The police officer casually asks him to come to the riverside early the next morning and take his advance. Bound, gagged and blindfolded, the victim will not struggle. He will be resigned to his fate like those before him. After he is taken to a suitably isolated location, he will be killed by a few rounds from army rifles fired at point-blank range. His body along with a story of an encounter which strains credulity will be produced and an ULFA cadre nomenclature issued to him. Photographs of weapons and foreign currency found on the body will be fed to an obedient press. The identity of this victim is unknown and will likely never be discovered. If he is identified, he will be officially recorded, at any rate, as a militant who had fired at the army patrol and was killed in the encounter which followed. In a climate of surrenders and bombings and shoot-outs, this one death will surely go unnoticed anyway; and thus another murder will be legitimized by the government record.
This is not a mere anecdote. It is a pattern of violence to which India has become inured. It is about impunity and the systematic replacement of the rule of law with lawlessness. It is such that even the parlance of this lawlessness which is no better exemplified than in the word encounter, with all its sickening connotations has entered Indias civil vernacular.

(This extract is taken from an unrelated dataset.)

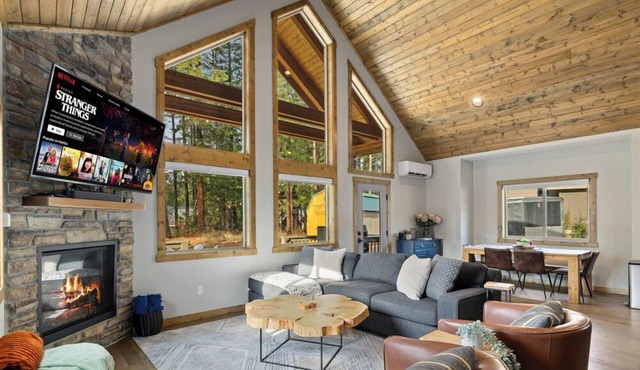 Snowy Retreat | PetsOK + Hot Tub, GameRm & 2 mins to Lake Access + 1PM In/Out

Max Weber notes that the relation between the state and violence is an especially intimate one, in which the state is a human community that (successfully) claims the monopoly of the legitimate use of physical force within a given territory. While Weber argues that violence is inherent to politics, Hannah Arendt states that violence is the opposite of power and is never legitimate. Be that as it may, the arbitrariness and criminality of State violence is a lived reality.
With State-sanctioned killings, there are martyrs and then there are criminals. But the large number of unknown, unnamed and even unclaimed men and women who have been hunted down by the State for its officials advancement or gratification is at the heart of this book.
Of those who have perished under this regime of perversion, vendetta and mistrust, we can name only a few. How many have died remains unknown and will never be publicly mentioned. Its victims have had no funeral rites. They have just disappeared, never to return, and their cries and screams have been heard but faintly. They are remembered only by family members, in conversation that is muted, colourless and regretful.
The anthropologist Michael Taussig asserts that cultures of terror are based on, and nourished by, silence. Silence has its varying degrees of expression. There have been regimes in living memory where people have accepted the bizarre and depraved just because it is familiar. Similarly, those in the northeast and the Kashmir Valley appear to have become acclimatized to an environment where extrajudicial killings are a routine occurrence, and the public in other parts of the country are accustomed to and even wearied by the bland, sanitized reports of encounters.
And unless death is at our doors, a stifled scream from afar barely registers. There was a time when a single wrongful death made news. Today, with the digital media awash with ghastly images from distant civil wars and the like, even the footage of ten encounter victims barely raises civil indignation. Even more worrying are the killings that occur in remote places, where almost nothing is known. What then is recorded is based on the conjecture of a few journalists. Such atrocities have only occasionally found their way to tiny newspaper columns or a few seconds television coverage. The rest have been blacked out of human history.
Memory and truth contest each other, and identities are blurred as the perpetrator claims to be the victim. But the silence that blacks out the hundreds should not consume the survivors, and that is why it is important to remember the dead.